On Wed, Feb 28, 2018 at 09:42:27AM -0800, Junio C Hamano wrote:

> > I also think we'd want a plan for this to be used consistently in other
> > diff-like tools. E.g., "git blame" uses textconv for the starting file
> > content, and it would be nice for this to kick in then, too. Ditto for
> > things like grep, pickaxe, etc.
> 
> You probably do not want to limit your thinking to the generation
> side.  It is entirely plausible to have "we deal with diff in this
> encoding X" in addition to "the in-repo encoding for this project is
> this encoding Y" and "the working tree encoding for this path is Z"
> and allow them to interact in "git diff | git apply" pipeline.
> 
> "diff/format-patch --stdout/etc." on the upstream would first iconv
> Y to X and feed the contents in X to xdiff machinery, which is sent
> down the pipe and received by apply, which reads the preimage from
> the disk or from the repository.  If doing "apply" without
> "--cached/--index", the preimage data from the disk would go through
> iconv Z to X.  If doing "apply --cached/--index", the preimage data
> from the repo would go through iconv Y to X.  The incoming patch is
> in X, so we apply, and the resulting postimage will be re-encoded in
> Z in the working tree and Y in the repository.

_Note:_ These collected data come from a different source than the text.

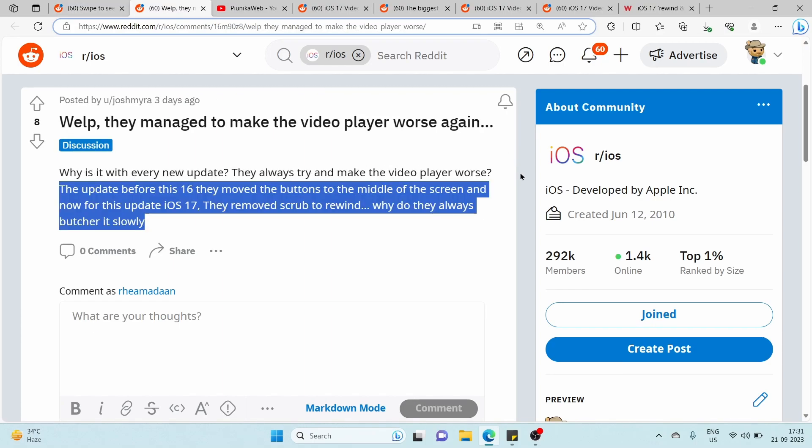In previous iOS versions, users could easily rewind or fast-forward a video with a simple touch-and-drag action on the screen. However, with the introduction of iOS 17, users have found that this familiar gesture is no longer working.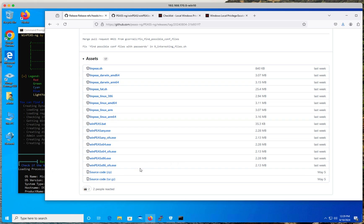Once you do it, you'll see that you have different options: the x86 architecture, 64-bit architecture, and another version of WinPEAS that is obfuscated — but in reality it's being detected and flagged by everything. But again, it's totally fine, because this is a post-exploitation tool for use on a system you already have access to.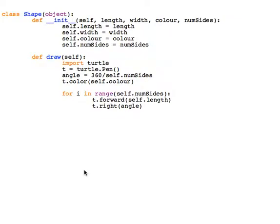This video explains inheritance of objects. If you haven't watched the first video on objects, it won't make much sense, so I advise you to go back to that one.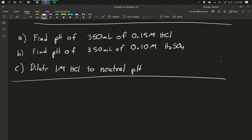In this video, we're going to find the pH of several different strong acid solutions, as well as explore what it takes to dilute a strong acid down to not being acidic.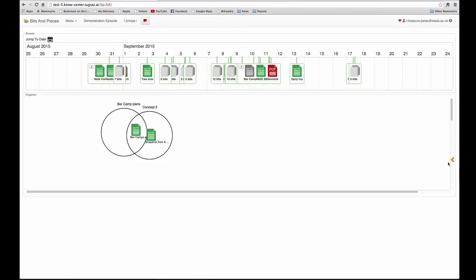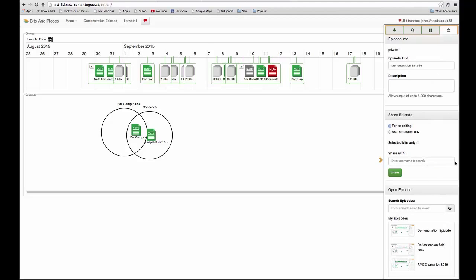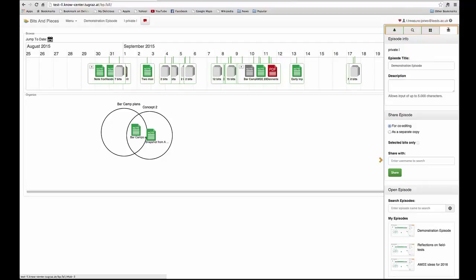If you have many episodes and you want to do a more detailed search across them, you can go into the sidebar. You can open up the episode tab, which is this one with the little briefcase, and down at the bottom there is search episodes.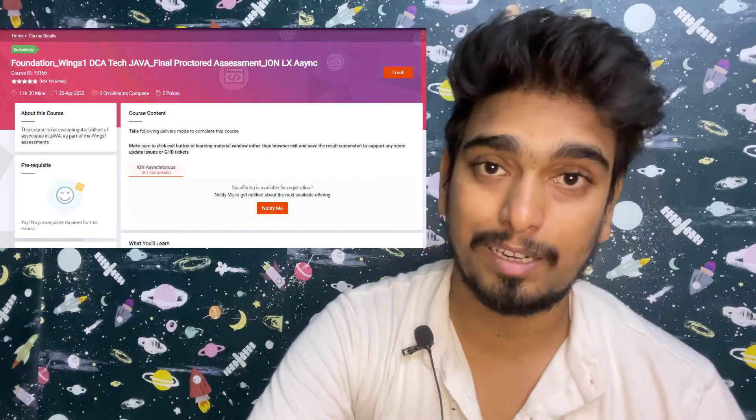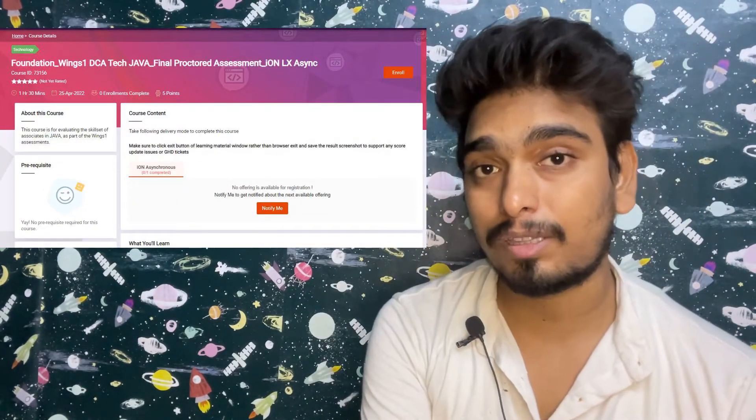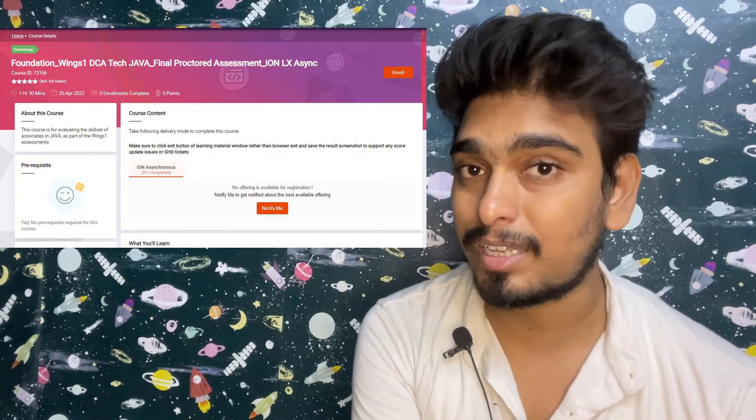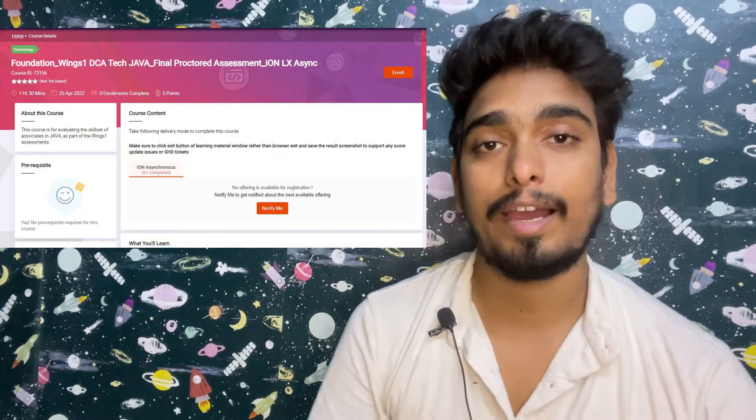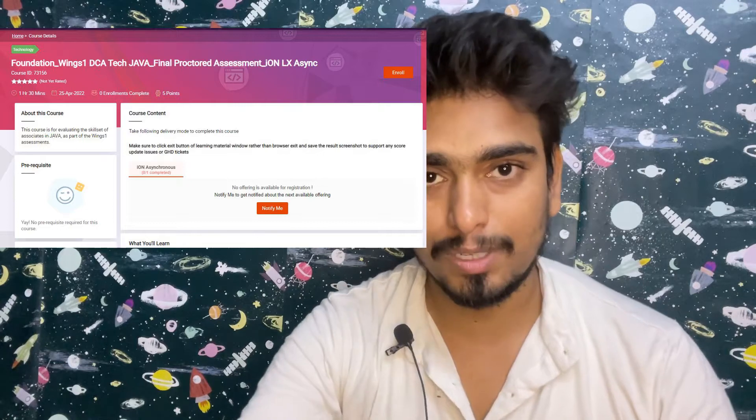As I mentioned in my previous video, the exam will be one hour and 30 minutes. You can also see here that one hour 30 minutes is the exam duration. All the questions will be objective type, multiple choice questions, and there will be no coding. So don't worry about writing code or checking test cases.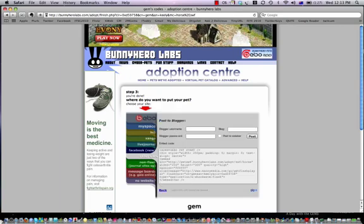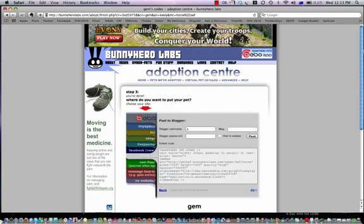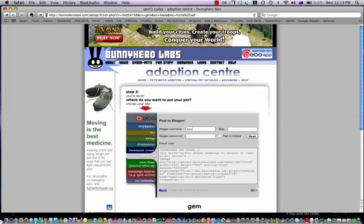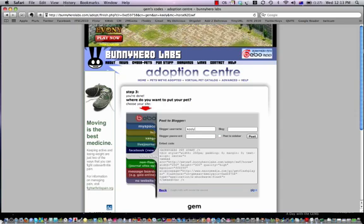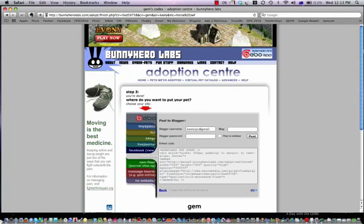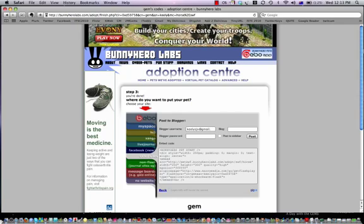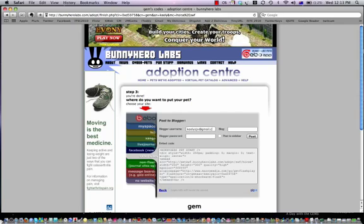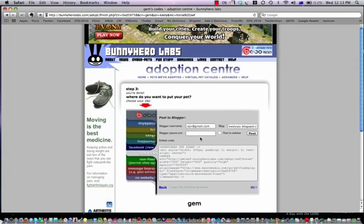I type in my email and my password to my blog.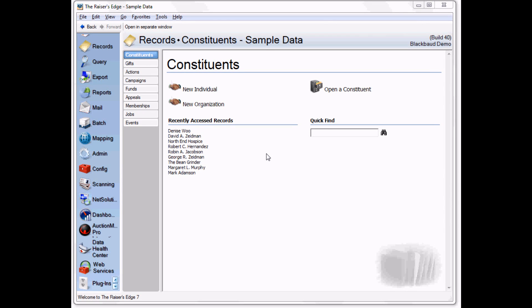Hi, my name is David Sieben from Sieben Development, and I'm going to be demonstrating RE Audit, the Razor's Edge audit trail application.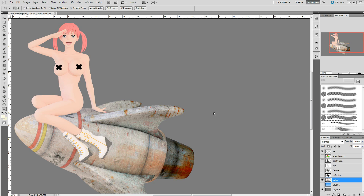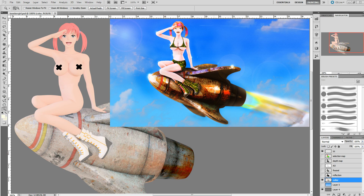Hello, everyone. My name is Carl Culberson, also known as Darkseal, and this is going to be Poser Post-Work number 102, subtitled Rendering Passes.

I agree that would be convenient, but I have to wonder if all the
complexity is worth it to maintain the idea of a distinct in-repo
representation. It seems like it would open up a ton of corner cases.
And I suspect most people would be happy enough with either a
clean/smudge style worktree conversion or a textconv-style view.

So if somebody wants to work on it, I don't want to stop them. But I
think there's room for the simpler solutions in the meantime.